Originally Posted by
JakeD Since if $\displaystyle AA^T = B$ implies $\displaystyle B$ is symmetric, there exists an orthogonal matrix $\displaystyle P$ such that $\displaystyle P^TBP = \Lambda,$ and $\displaystyle \Lambda$ is a diagonal matrix with the eigenvalues of $\displaystyle B$ along the diagonal and the columns of $\displaystyle P$ are the eigenvectors of $\displaystyle B$. $\displaystyle P^TBP = \Lambda$ is called a unitary transformation. Since $\displaystyle P$ is orthogonal, $\displaystyle PP^T = I$ and thus $\displaystyle B = PP^T B PP^T = P\Lambda P^T.$
Further, since $\displaystyle x^TBx = x^TAA^Tx = (A^Tx)^T A^Tx > 0$ when $\displaystyle B$ is nonsingular, $\displaystyle B$ is positive definite and thus has positive eigenvalues.

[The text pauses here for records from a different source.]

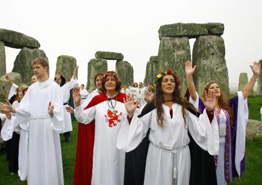 Photograph of people in a religious ceremony at Stonehenge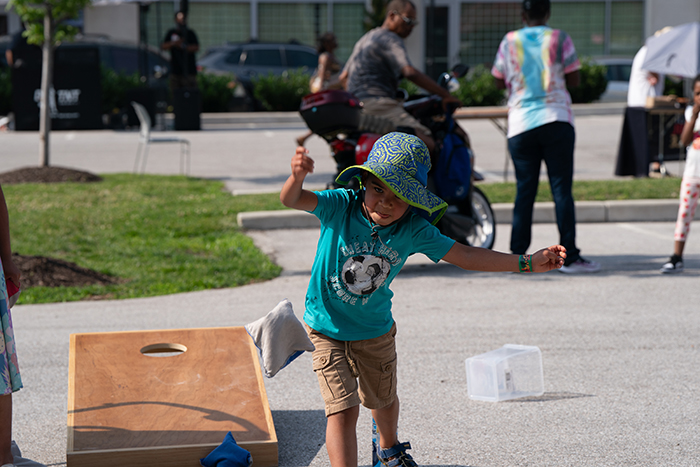 A young participant tests their aim tossing a bean bag at one of several games featured at the Juneteenth Jubilee.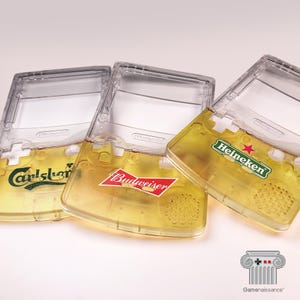 May include: Three clear Game Boy Color cases filled with beer, each featuring a different brand logo: Carlsberg, Budweiser, and Heineken. The cases are partially filled with a golden liquid, resembling beer, and are angled slightly.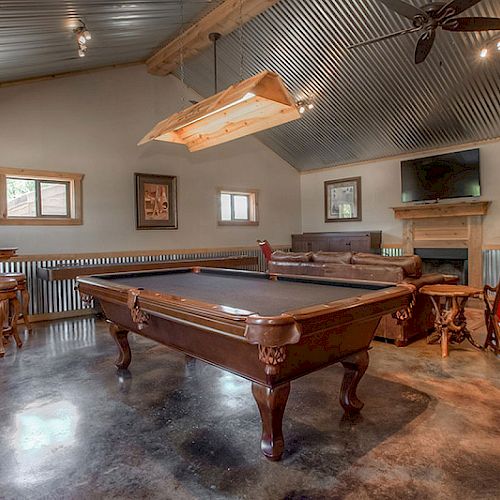 A rustic game room with a pool table, bar stools, TV, and decor.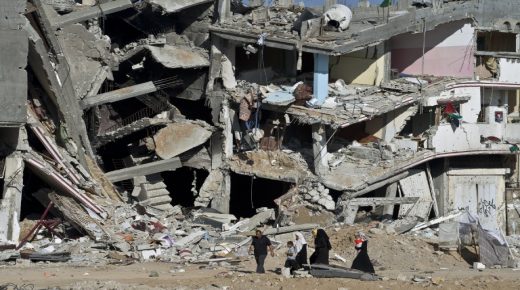 TOPSHOTS
A Palestinian family walks on August 27, 2014 past the collapsed remains of a building that was destroyed in fighting between Hamas militants and Israel during 50 days of fighting in Shejaiya. Israel and Palestinians both boasted of victory in the Gaza war but analysts say Hamas received only promises while the conflict aggravated divisions in the Israeli leadership. AFP PHOTO/ROBERTO SCHMIDT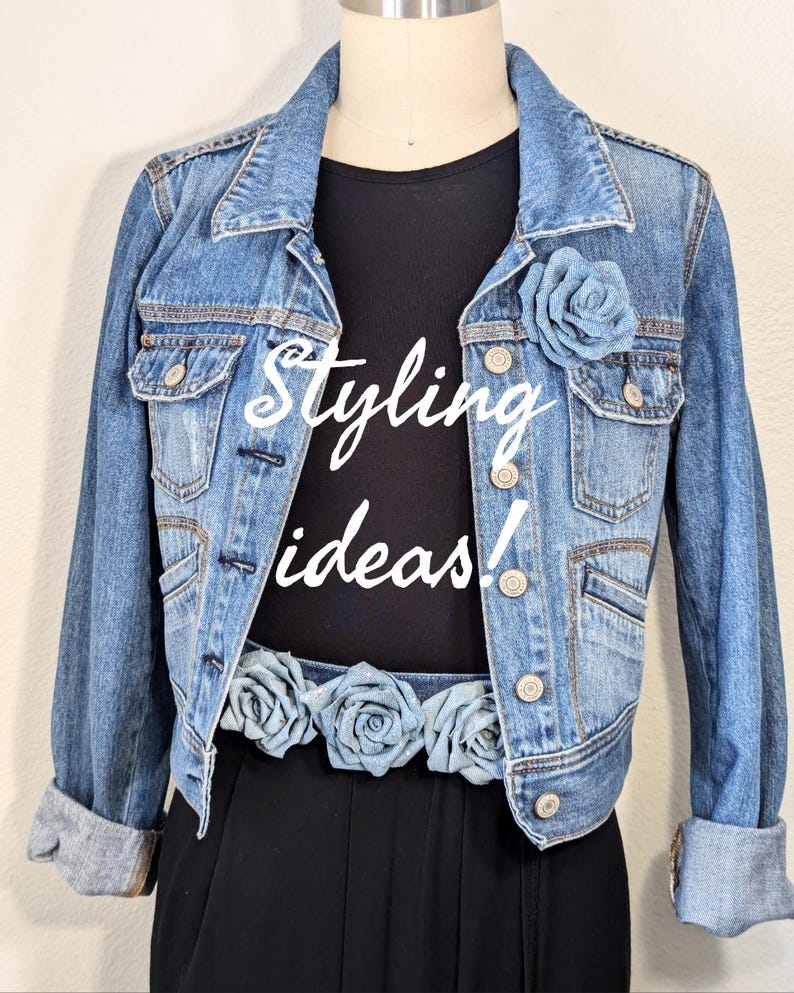 May include: A light blue denim jacket with a black top. The words "Styling ideas!" are written in white script on the top. A blue rose is pinned on the jacket, and a belt with blue roses is around the waist.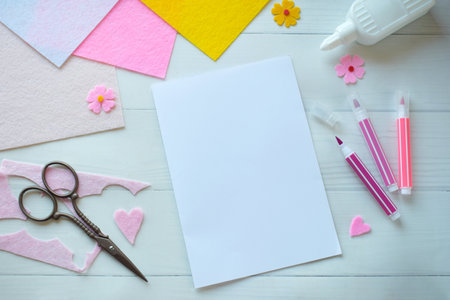Creative flat lay composition of DIY greeting card crafting materials, including colorful felt flowers, scissors, glue, and blank paper, arranged on a white wooden background, showing the process of making a personalized handmade card for special occasionsの写真素材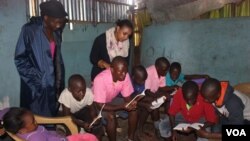 Betty Mutua, founder of Sauti ya Vitabu, looks on as children read books at one of the organization's pop-up centers. (R. Ombuor/VOA)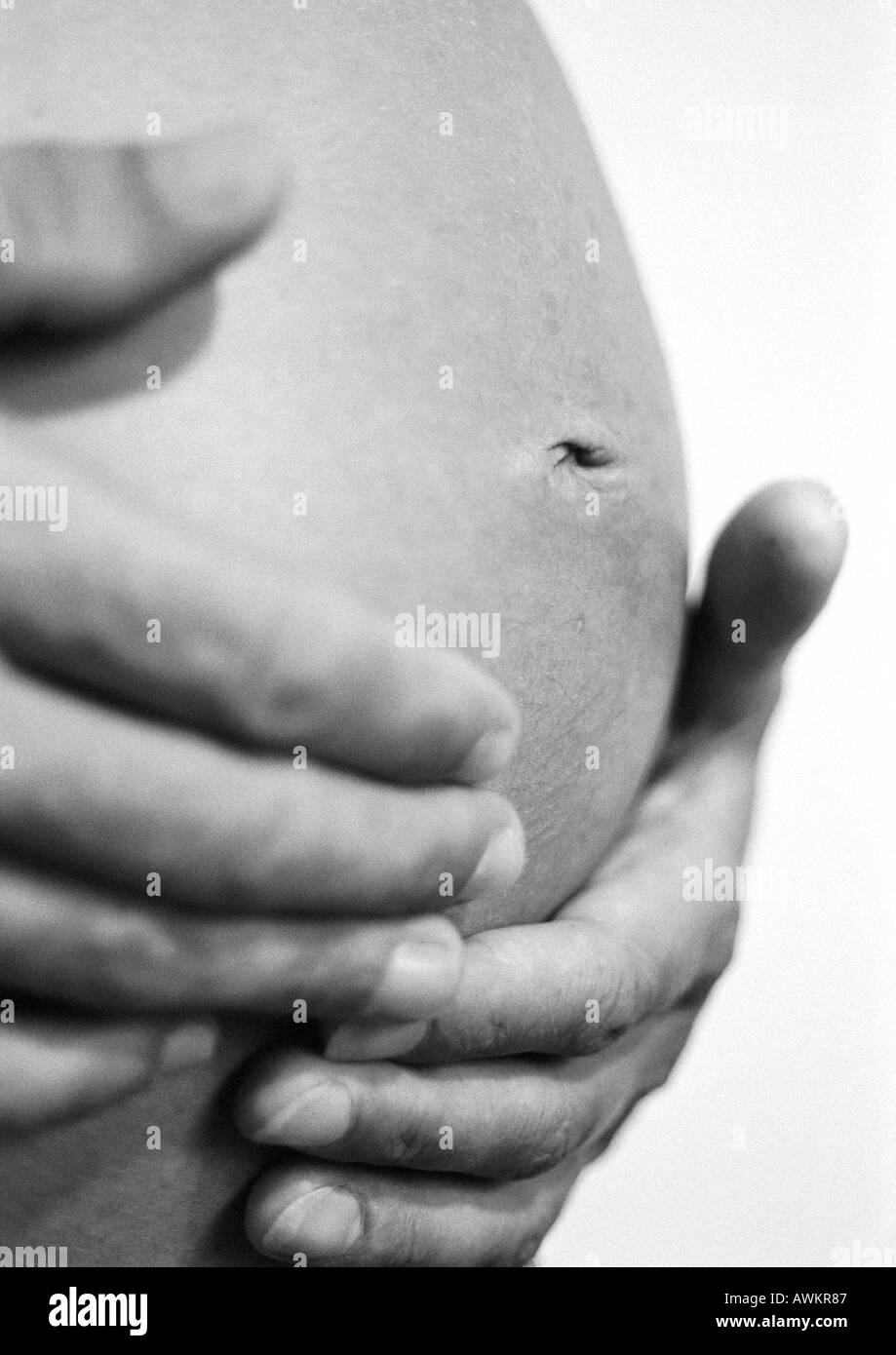 Mani sulla donna incinta il ventre, b&W Foto Stock
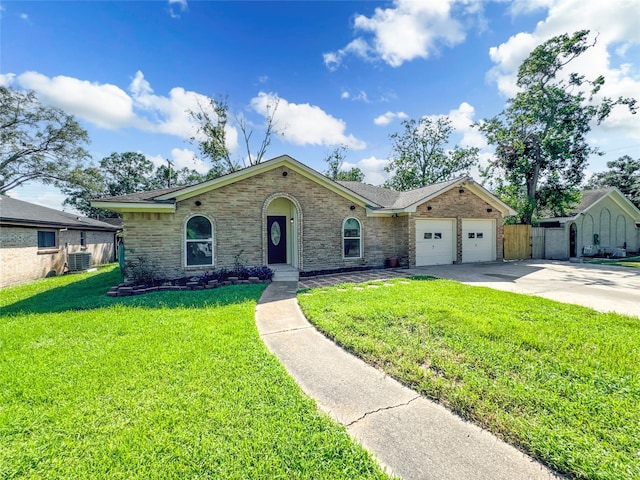 ranch-style home featuring a garage, a front lawn, and central AC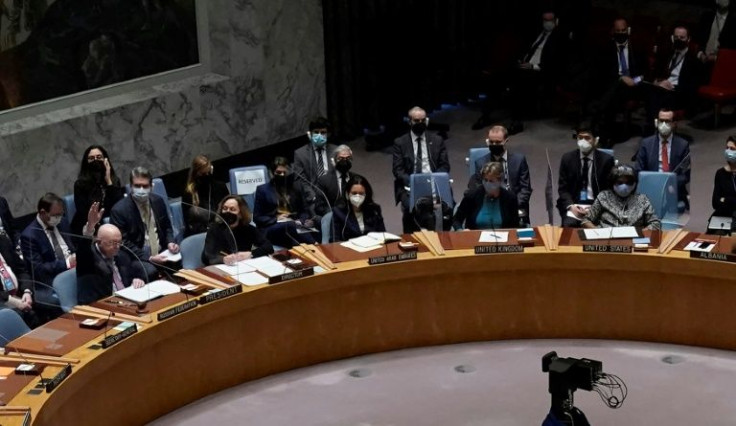 Permanent Representative of the Russian Federation to the United Nations, Vassily Nebenzia (C) holds his hand up during a vote on a draft resolution that would condemn Russia for invading Ukraine in New York, February 25, 2022
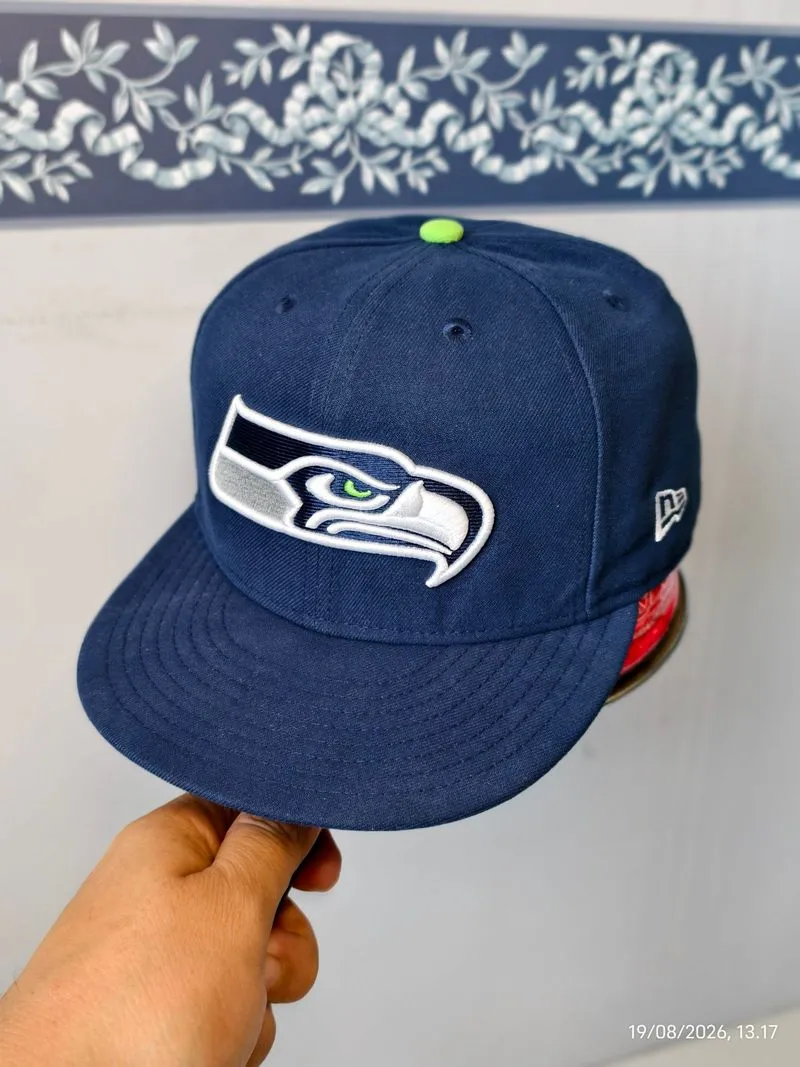 (202) Size 7 3/4 Topi fitted New Era logo Seattle Seahawk photo 1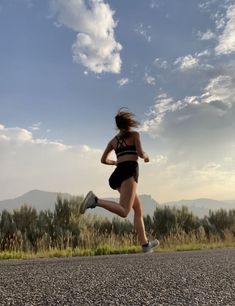 a woman is running down the road with her leg in the air and headphones on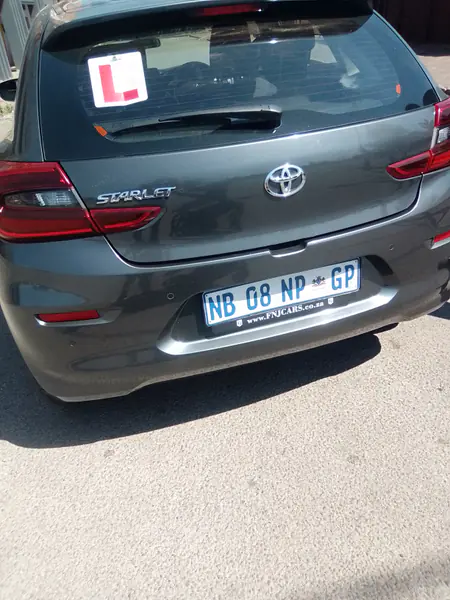 Grey Toyota Starlet, NB 08 NP GP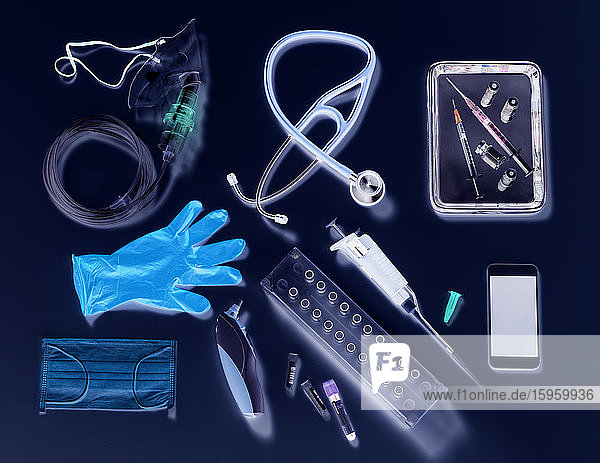 Potentieller Ausweg aus der Abriegelungsphase. Medizinische Ausrüstung auf schwarzem Hintergrund  Sauerstoffmaske  Stethoskop  Mobiltelefon mit einer Kontaktverfolgungs-App  Impfstoffspritzen  blaue Handschuhe und Digitalthermometer.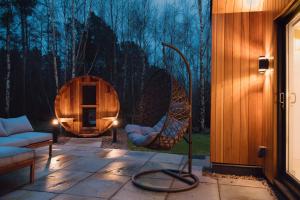 a patio with two wicker chairs in front of a window at Newlands Lodges in Shotley Bridge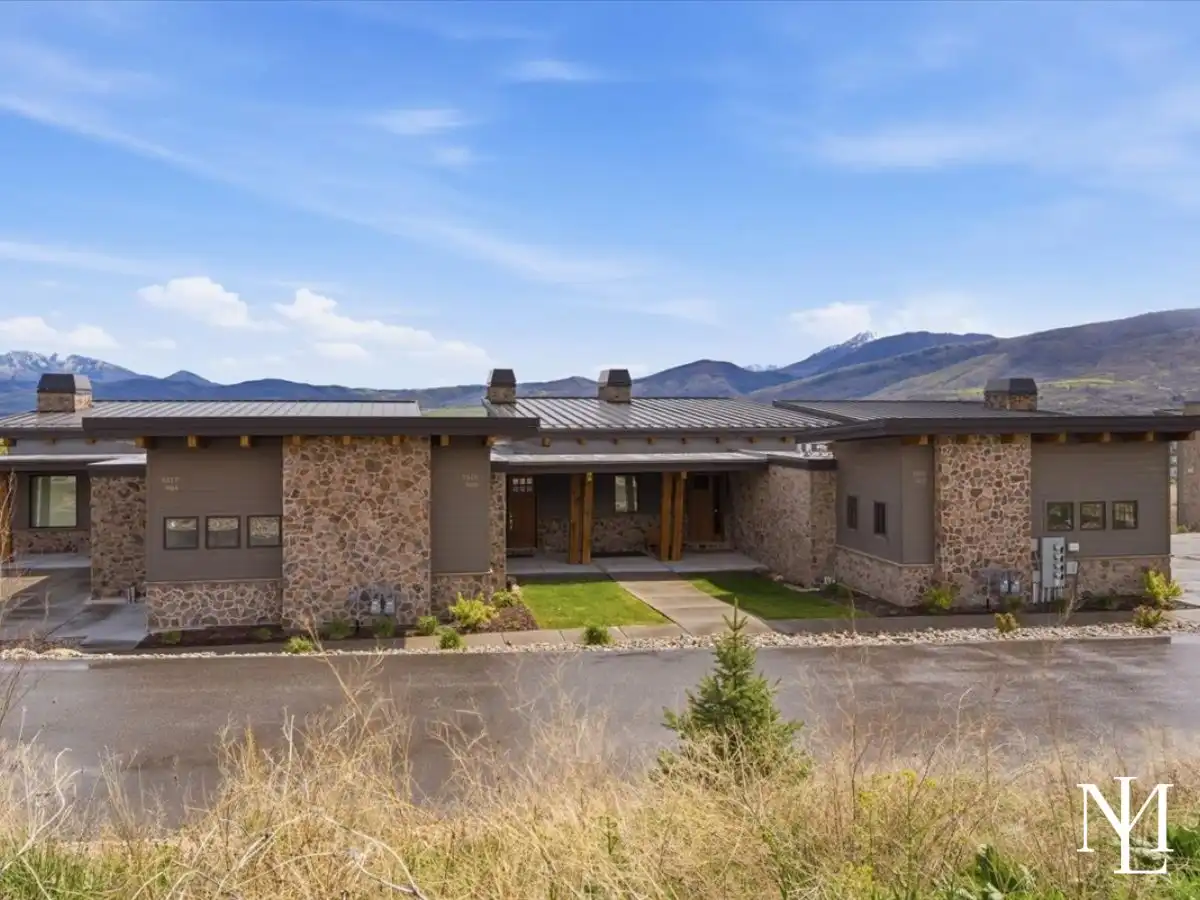 Eden, Utah exterior mountain view townhome with stone facade.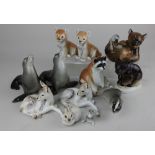A collection of Russian ceramic animal figures to include a Racoon, pair of seals, Badger, bears,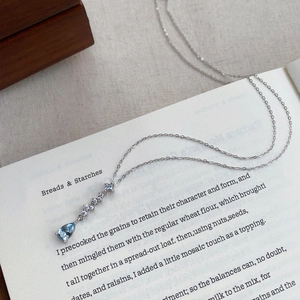 S999 silver necklace featuring a blue teardrop zircon pendant on an elegant book background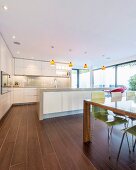 Dining table and wood-effect tiles in open-plan kitchen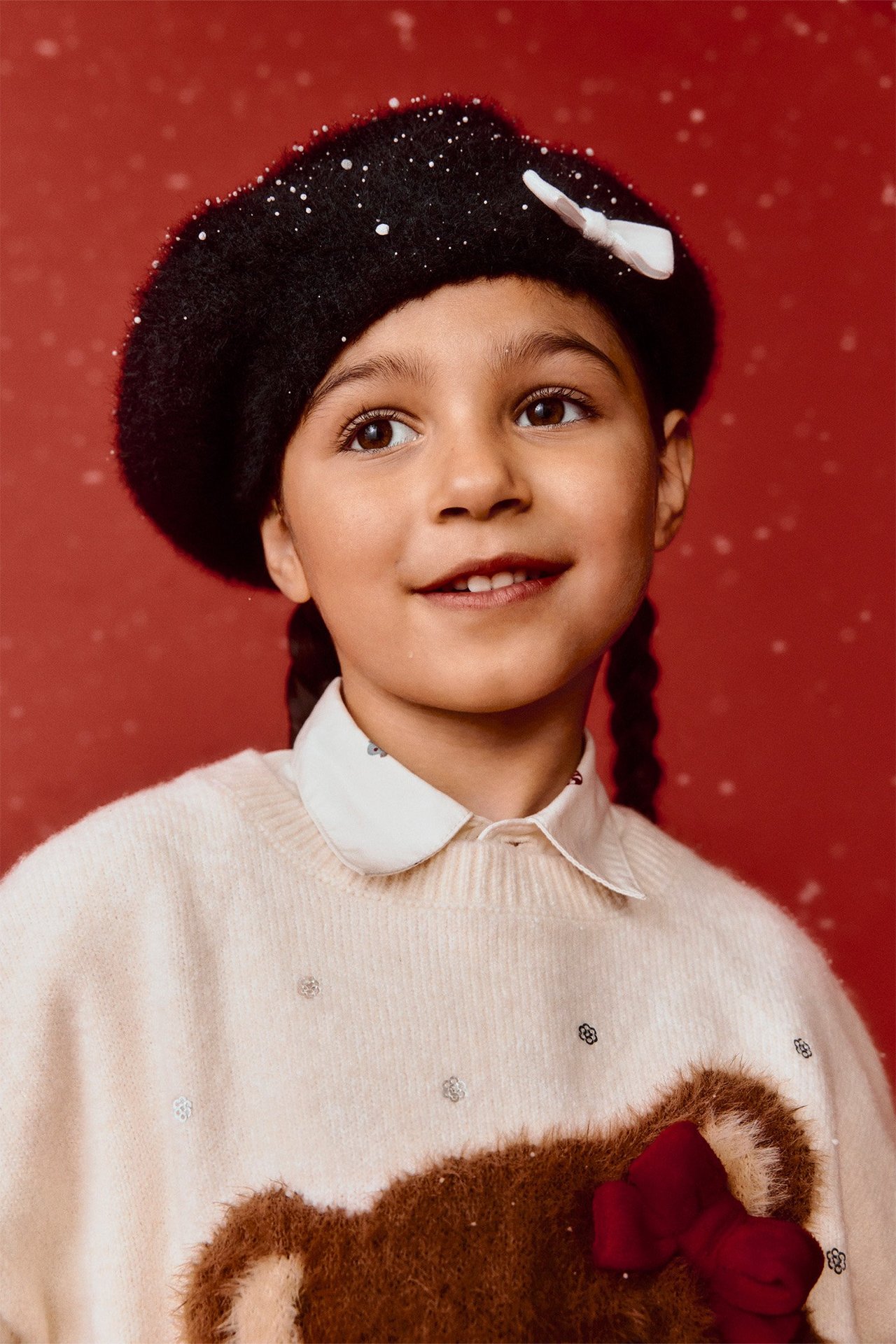 Zbliżenie dziecka w czarnym dzianinowym berecie z białą kokardą, na beżowym swetrze i białej koszuli.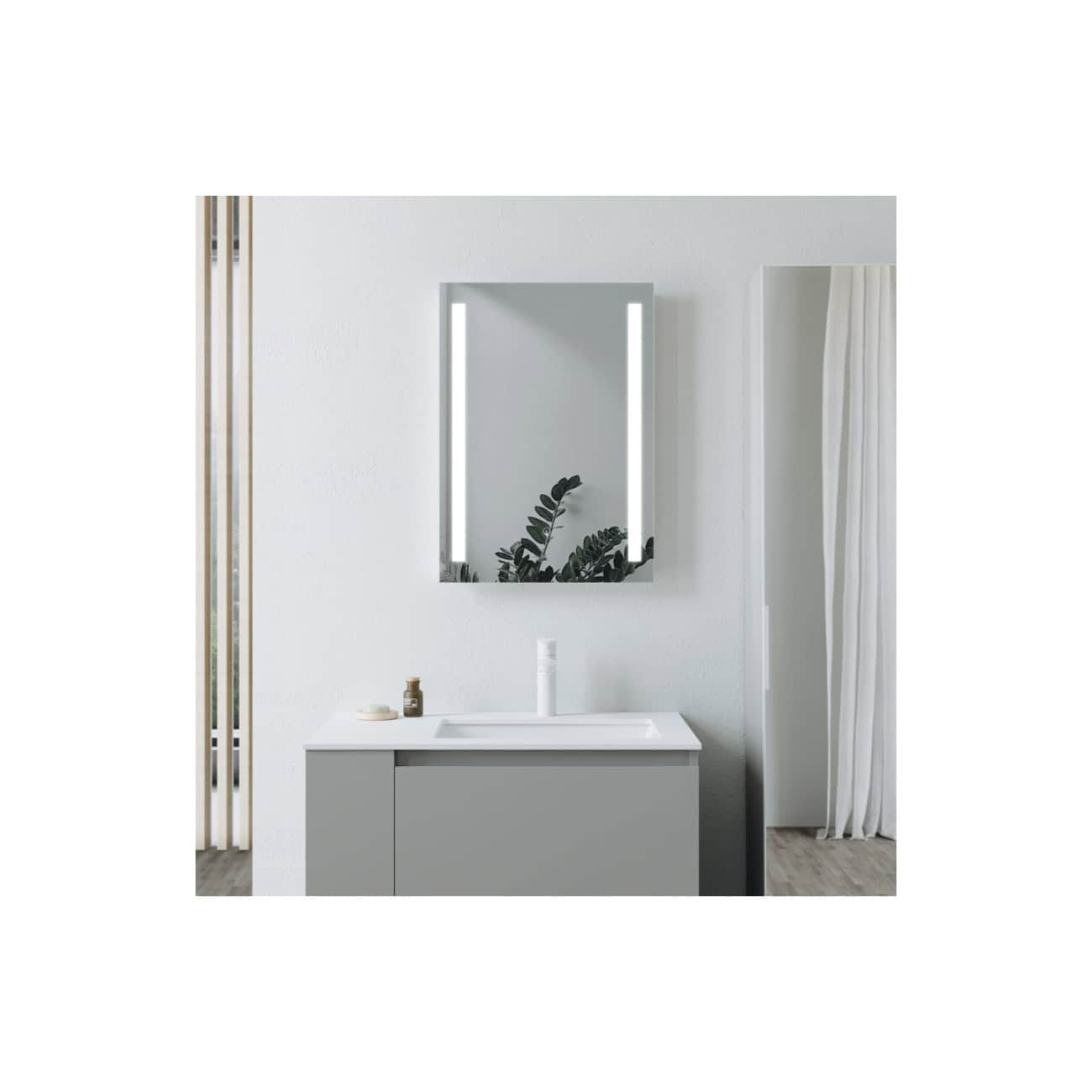 Sleek modern bathroom vanity with integrated sink, minimalist design, and a stylish mirror with LED lighting, perfect for contemporary bathroom decor.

Thus $\displaystyle \Lambda = D D^T$ where $\displaystyle D$ has the square roots of the eigenvalues of $\displaystyle B$ on the diagonal.
Then $\displaystyle B = P\Lambda P^T = PD D^TP^T = A A^T$ where $\displaystyle A = PD$. So the problem is reduced to finding the eigenvalues and eigenvectors of a symmetric matrix $\displaystyle B.$ There are efficient numerical methods for this.